I guess maybe I had the opposite experience about looks with my mother growing up. I still ended up feeling inadequate. My mom has never been one to spend a lot of time making herself up. The only make-up I've ever seen her wear is lipstick. She has always worn her hair natural. The most she does as far as styling it is blow drying but that's it. She doesn't style it with a special brush and hair goop. She just blows it dry. She never, ever wore high heels because they were uncomfortable and impractical. My dad has essentially the same opinion of how women looked.

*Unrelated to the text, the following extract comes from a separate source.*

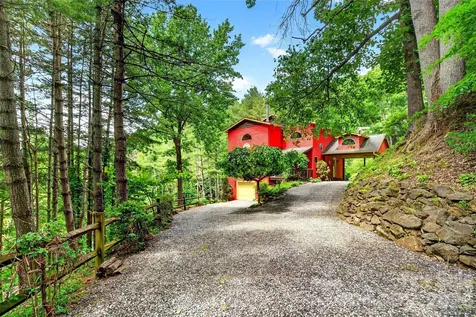 491 S Valley View Drive Mars Hill NC 28754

He doesn't think big, fancy, styled hair and lots of make-up is attractive.

I was embarrassed by her. I thought she was uncool, too intellectual to be pretty. I got messages outside my family and their friends from a very young age (probably in 2nd grade at school) that is was not good for girls to be too smart. Mostly, they should be pretty and nice. I worshiped my friends' mothers who had make-up and fancy clothes and high heels. Oh, how I loved high heeled shoes! I wished my mother were more like them. I wished she would help style my hair and put on make-up so I would be as pretty as those other girls. I always felt not quite pretty enough, which is kind of funny considering that people close to my mother talked about how pretty she was and that I looked just like her. One of her adult male friends even told me once when I was probably 10 or 12 that I couldn't rely solely on my looks my whole life.

I got major mixed messages. Maybe that's why I never felt pretty enough even though lots of people told me I was or smart enough even though I was "gifted" in school. Those messages about self and body image come from so many sources. I can't pinpoint any specific source that influenced me. Those ideas are everywhere. Maybe my problem was that my parents never told me I was beautiful just as I am or that I was good enough in any way. My seemed oblivious to it all and my father was too busy trying to make sure I didn't end up just like my mother.